__What is expected__: Without the images, repeat every line of the listing exactly.

__Collected data__:
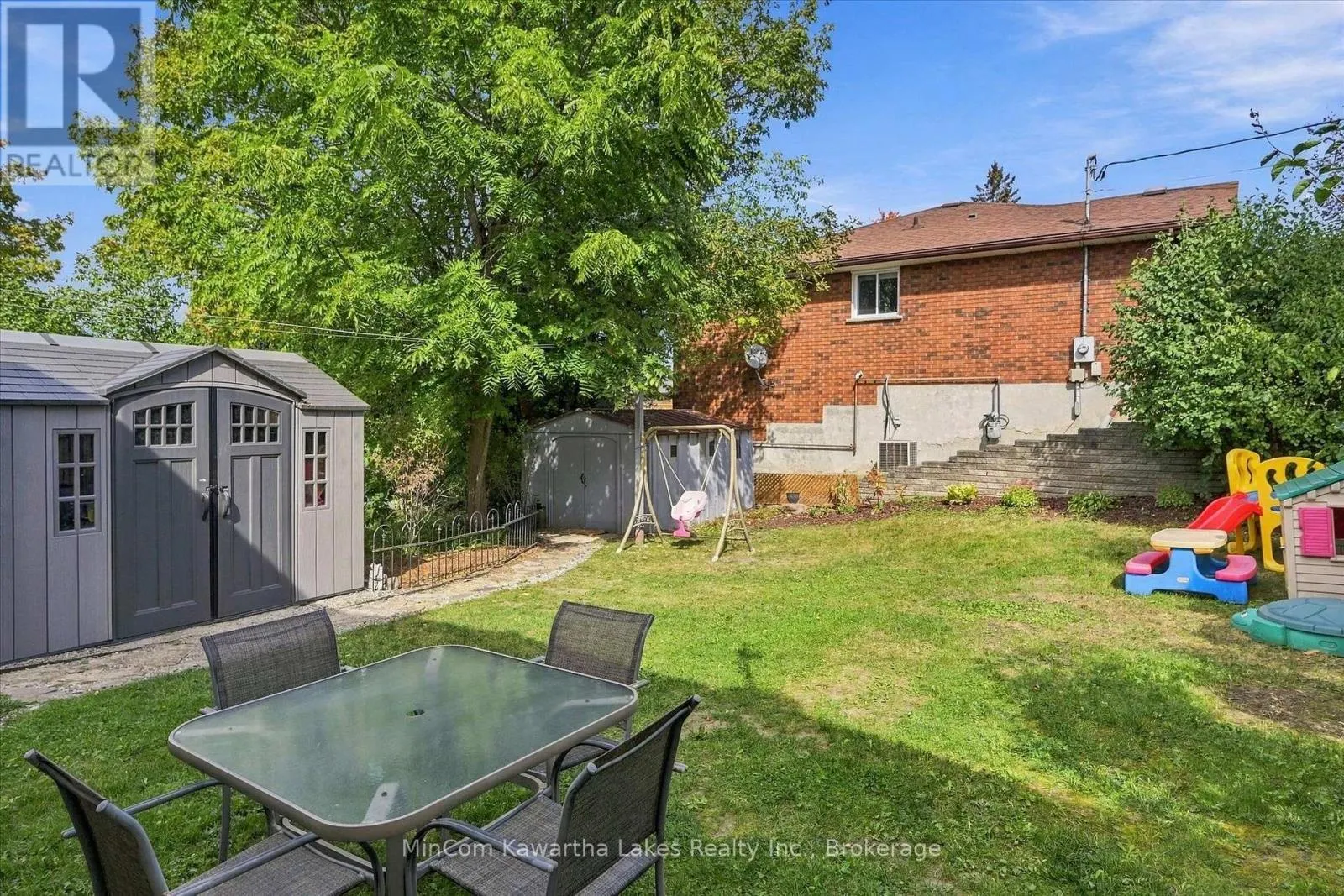 472 HIGHLAND ROAD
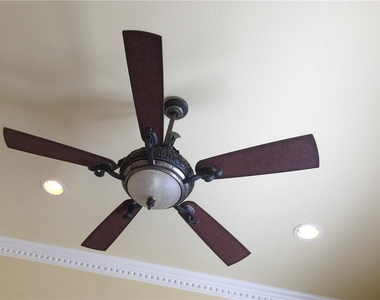 6019 Lytham Drive - Photo Thumbnail 6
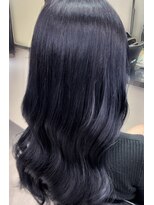 サロウィンフレンテ 新宿三丁目(SALOWIN Frente)&nbsp;外山【大人可愛い】圧倒的ツヤと透明感☆大人気ブルーブラック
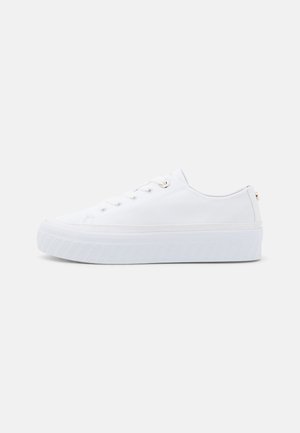 Sneakers - white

__Written answer__:
 472 HIGHLAND ROAD
 6019 Lytham Drive - Photo Thumbnail 6
 サロウィンフレンテ 新宿三丁目(SALOWIN Frente)&nbsp;外山【大人可愛い】圧倒的ツヤと透明感☆大人気ブルーブラック
 Sneakers - white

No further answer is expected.